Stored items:

****************

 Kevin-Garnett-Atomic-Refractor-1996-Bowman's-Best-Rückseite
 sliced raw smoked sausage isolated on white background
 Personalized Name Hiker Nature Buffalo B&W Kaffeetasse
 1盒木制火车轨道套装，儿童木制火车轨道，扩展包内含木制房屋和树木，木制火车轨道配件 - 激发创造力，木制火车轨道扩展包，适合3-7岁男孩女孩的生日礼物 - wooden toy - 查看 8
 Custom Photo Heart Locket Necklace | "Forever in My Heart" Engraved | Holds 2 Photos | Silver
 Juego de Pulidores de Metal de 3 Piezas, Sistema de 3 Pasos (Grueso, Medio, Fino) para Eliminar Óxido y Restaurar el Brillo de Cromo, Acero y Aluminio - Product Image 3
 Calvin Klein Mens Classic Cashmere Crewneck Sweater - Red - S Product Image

****************

WHAT TO DO:
All the lines that hold the word "Image" must appear in the answer, copied from the records.

TASK SOLUTION:
 Juego de Pulidores de Metal de 3 Piezas, Sistema de 3 Pasos (Grueso, Medio, Fino) para Eliminar Óxido y Restaurar el Brillo de Cromo, Acero y Aluminio - Product Image 3
 Calvin Klein Mens Classic Cashmere Crewneck Sweater - Red - S Product Image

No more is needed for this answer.